| Prompt |
With the pictures omitted, set down exactly the lines from the one that contains "AI软件，2分钟一条原创视频" through the last line of the data.

| Exercise inputs |
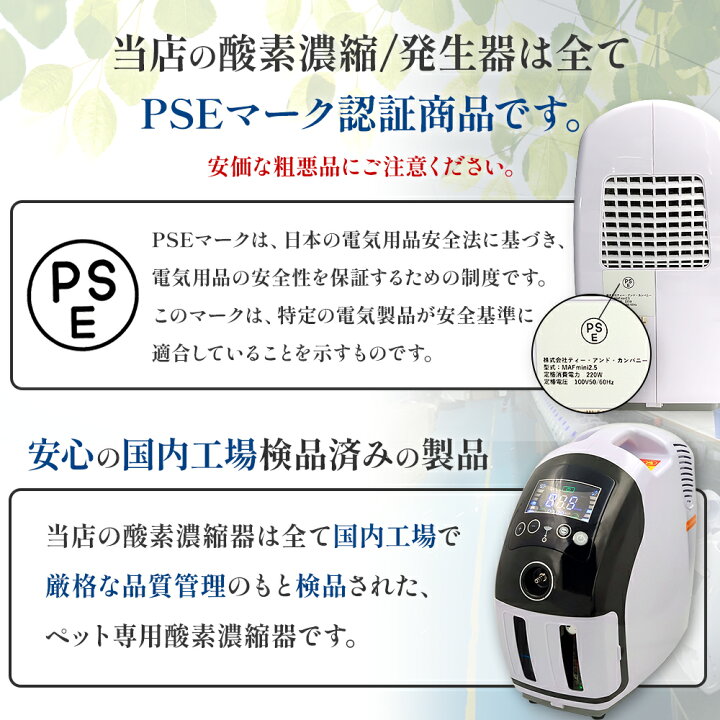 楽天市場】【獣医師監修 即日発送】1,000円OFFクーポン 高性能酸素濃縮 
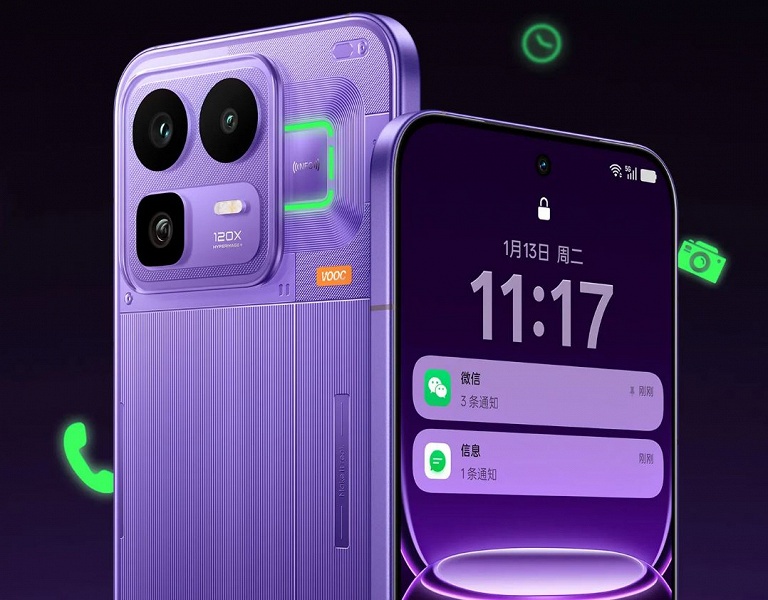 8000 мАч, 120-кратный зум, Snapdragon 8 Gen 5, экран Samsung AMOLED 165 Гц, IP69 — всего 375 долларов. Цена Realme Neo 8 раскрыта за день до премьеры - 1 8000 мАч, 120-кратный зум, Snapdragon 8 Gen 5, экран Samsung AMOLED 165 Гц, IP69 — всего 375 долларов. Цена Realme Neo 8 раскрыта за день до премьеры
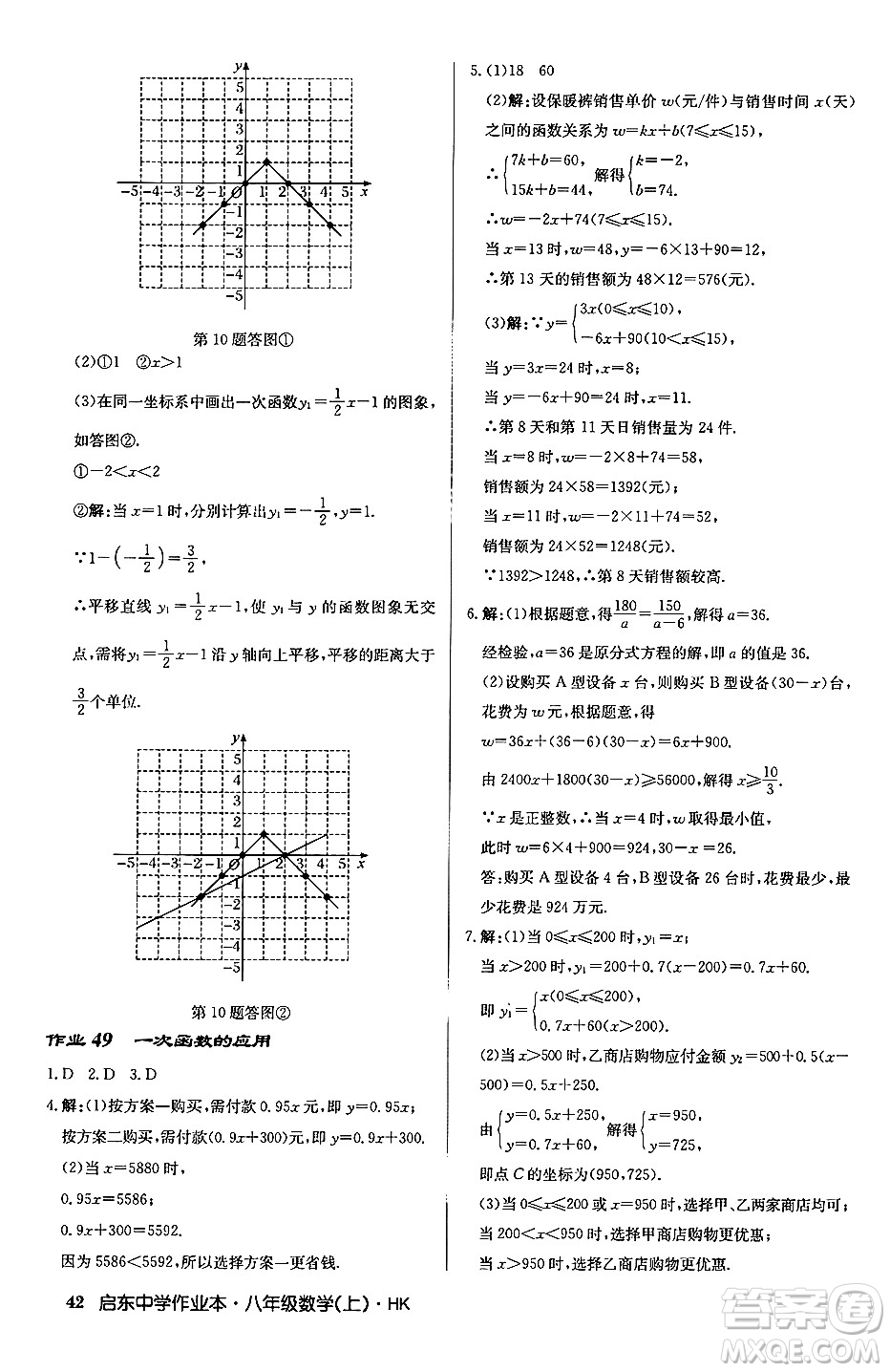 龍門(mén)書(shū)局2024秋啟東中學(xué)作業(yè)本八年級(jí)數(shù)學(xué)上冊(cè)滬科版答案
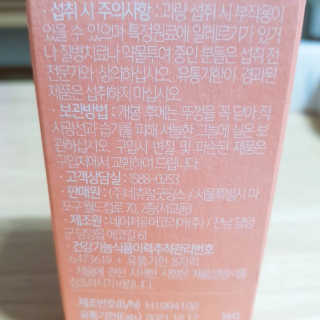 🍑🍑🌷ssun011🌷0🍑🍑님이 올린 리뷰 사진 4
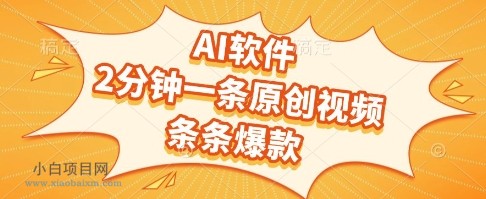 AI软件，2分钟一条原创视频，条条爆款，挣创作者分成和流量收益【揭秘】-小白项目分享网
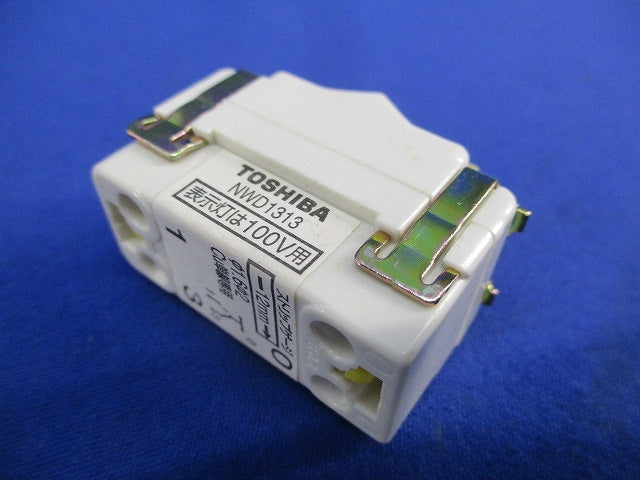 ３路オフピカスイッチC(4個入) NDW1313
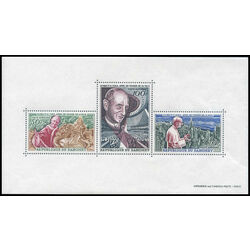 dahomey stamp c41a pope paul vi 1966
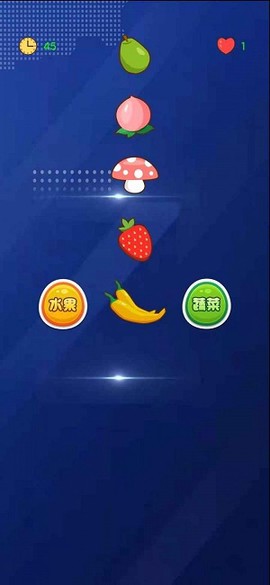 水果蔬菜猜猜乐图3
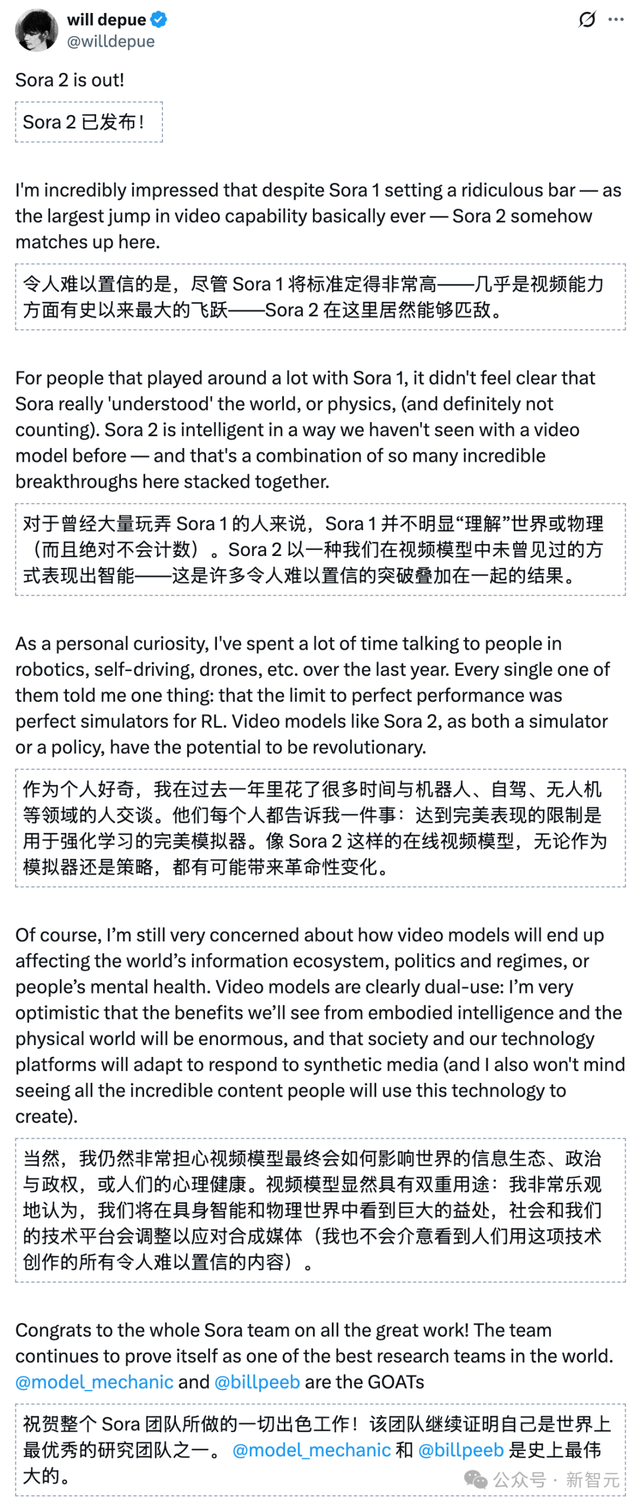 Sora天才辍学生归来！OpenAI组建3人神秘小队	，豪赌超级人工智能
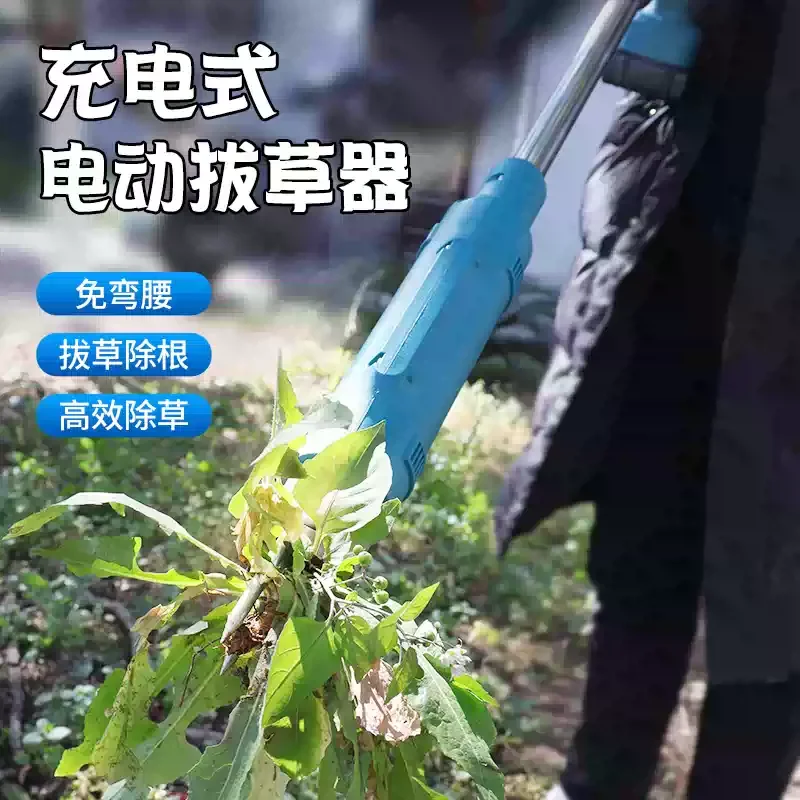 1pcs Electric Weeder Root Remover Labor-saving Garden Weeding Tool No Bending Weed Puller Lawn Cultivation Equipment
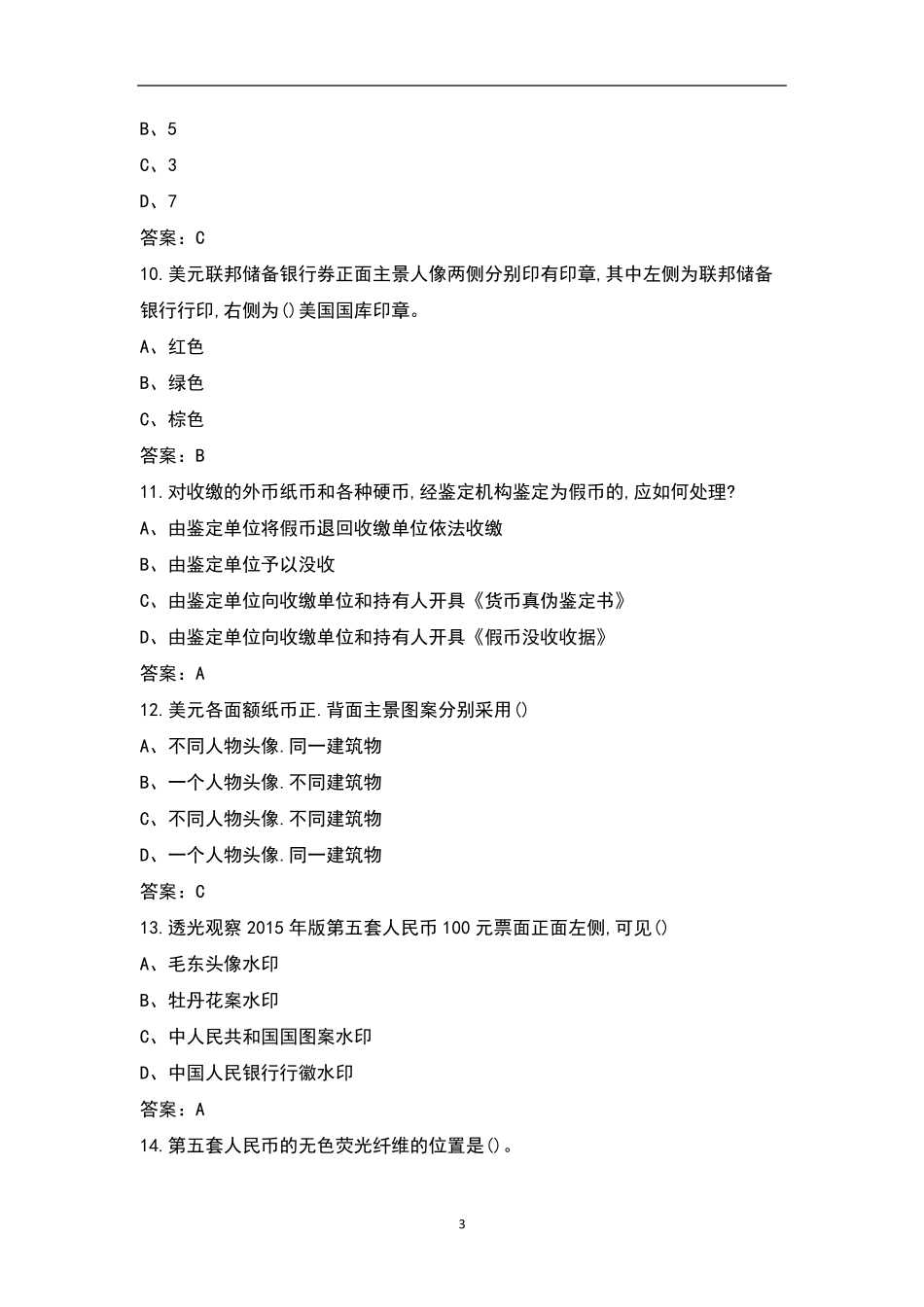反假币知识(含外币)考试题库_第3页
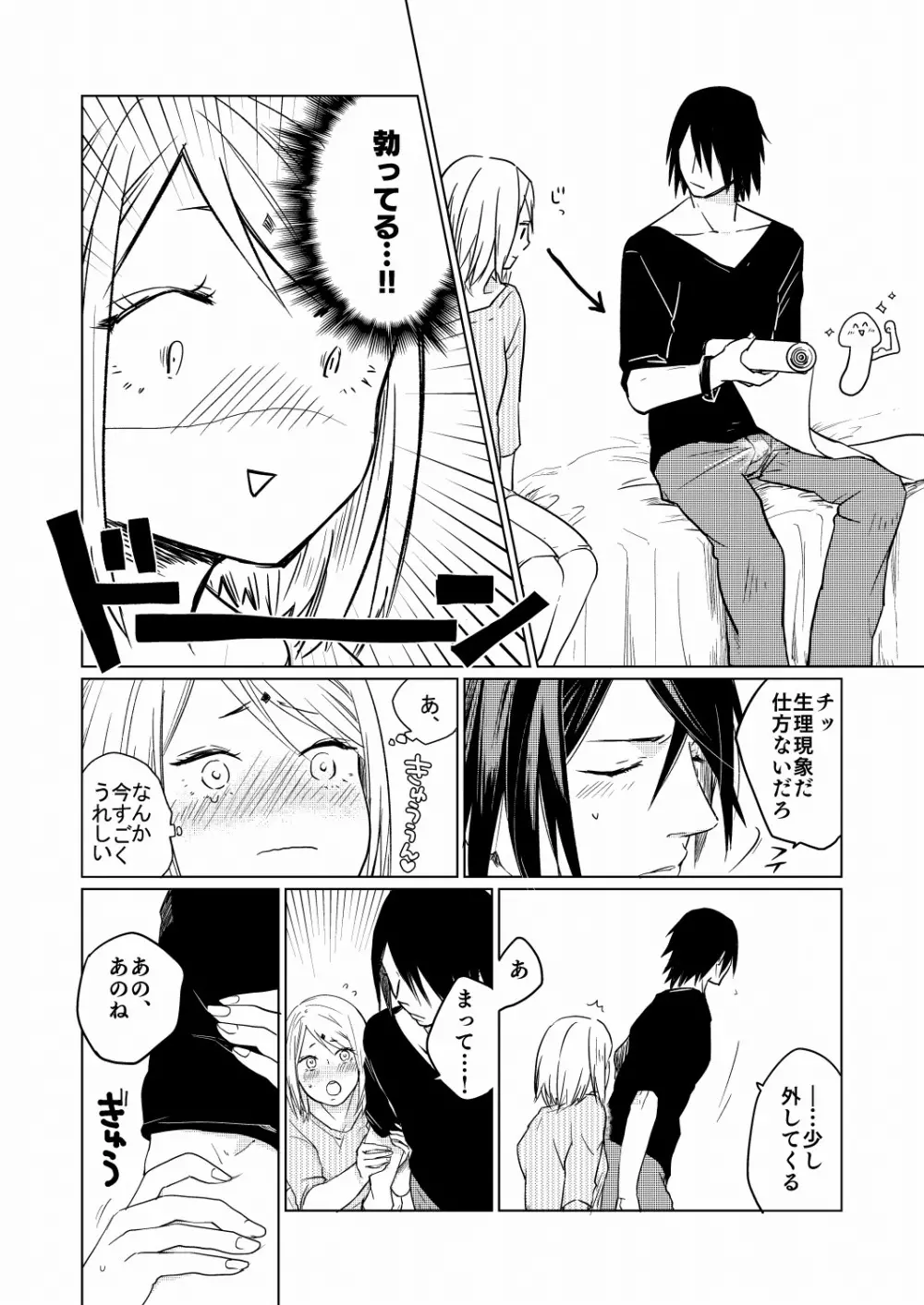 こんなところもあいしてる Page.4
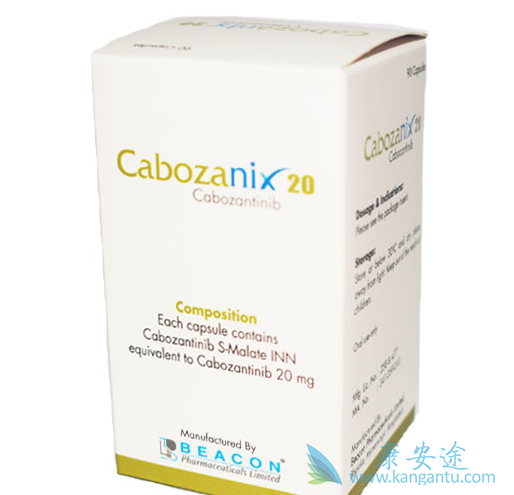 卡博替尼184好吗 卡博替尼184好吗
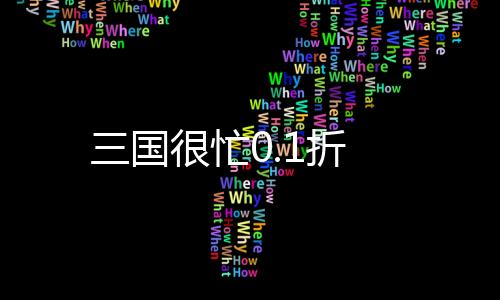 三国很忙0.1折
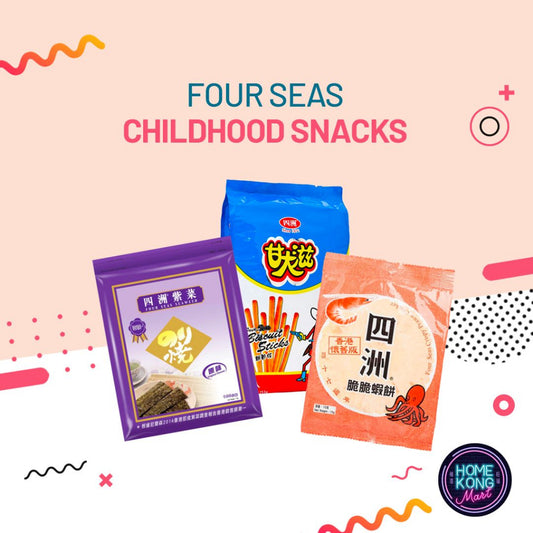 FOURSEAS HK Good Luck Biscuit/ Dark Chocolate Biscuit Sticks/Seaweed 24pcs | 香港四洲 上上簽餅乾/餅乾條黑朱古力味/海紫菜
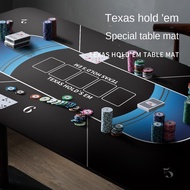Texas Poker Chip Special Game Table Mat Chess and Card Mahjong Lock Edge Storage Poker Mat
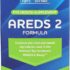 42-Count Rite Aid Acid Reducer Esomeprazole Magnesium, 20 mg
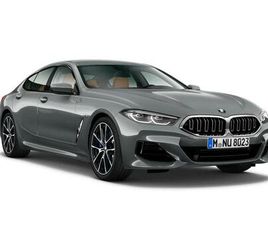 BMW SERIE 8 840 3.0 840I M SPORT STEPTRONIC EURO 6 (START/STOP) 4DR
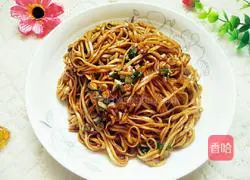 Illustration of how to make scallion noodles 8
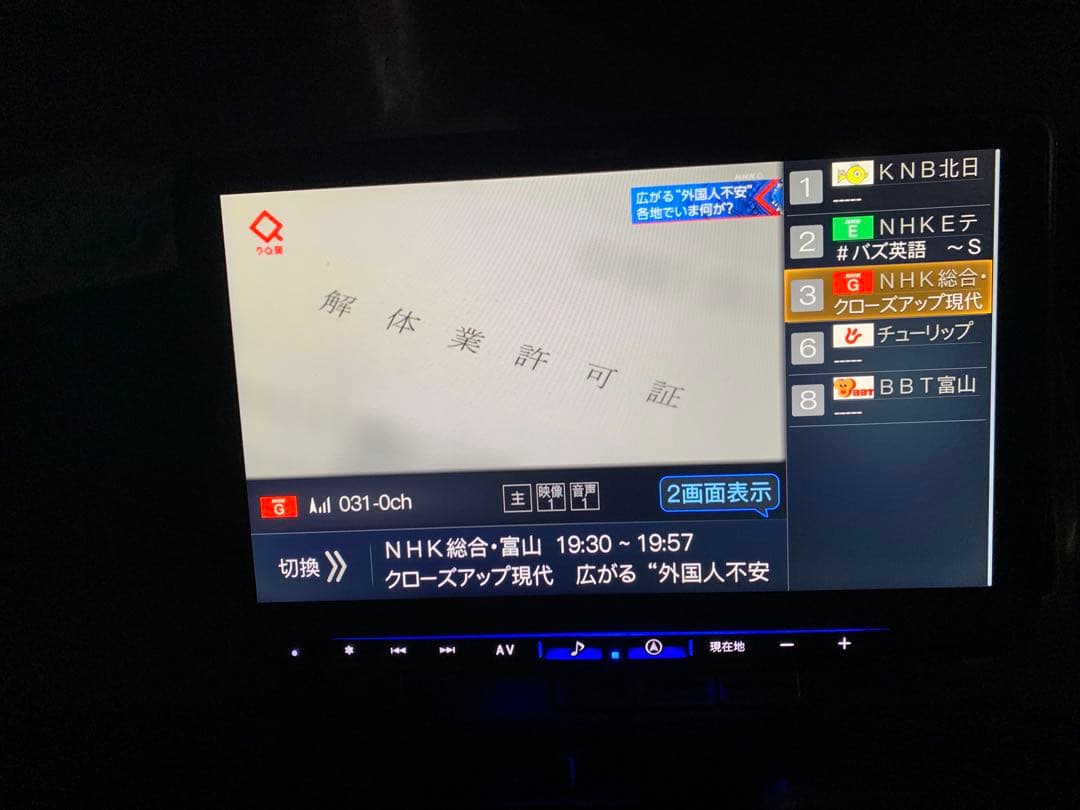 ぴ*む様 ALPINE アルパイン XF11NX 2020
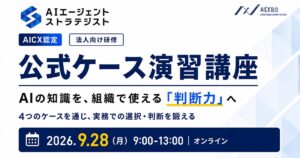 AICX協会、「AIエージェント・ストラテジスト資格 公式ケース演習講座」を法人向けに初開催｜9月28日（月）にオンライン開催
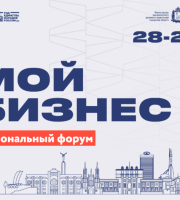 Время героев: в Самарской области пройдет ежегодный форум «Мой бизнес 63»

| Solution |
 AI软件，2分钟一条原创视频，条条爆款，挣创作者分成和流量收益【揭秘】-小白项目分享网
 ３路オフピカスイッチC(4個入) NDW1313
 dahomey stamp c41a pope paul vi 1966
 水果蔬菜猜猜乐图3
 Sora天才辍学生归来！OpenAI组建3人神秘小队	，豪赌超级人工智能
 1pcs Electric Weeder Root Remover Labor-saving Garden Weeding Tool No Bending Weed Puller Lawn Cultivation Equipment
反假币知识(含外币)考试题库_第3页
 こんなところもあいしてる Page.4
 卡博替尼184好吗 卡博替尼184好吗
 三国很忙0.1折
 FOURSEAS HK Good Luck Biscuit/ Dark Chocolate Biscuit Sticks/Seaweed 24pcs | 香港四洲 上上簽餅乾/餅乾條黑朱古力味/海紫菜
Texas Poker Chip Special Game Table Mat Chess and Card Mahjong Lock Edge Storage Poker Mat
 42-Count Rite Aid Acid Reducer Esomeprazole Magnesium, 20 mg
 BMW SERIE 8 840 3.0 840I M SPORT STEPTRONIC EURO 6 (START/STOP) 4DR
 Illustration of how to make scallion noodles 8
 ぴ*む様 ALPINE アルパイン XF11NX 2020
 AICX協会、「AIエージェント・ストラテジスト資格 公式ケース演習講座」を法人向けに初開催｜9月28日（月）にオンライン開催
 Время героев: в Самарской области пройдет ежегодный форум «Мой бизнес 63»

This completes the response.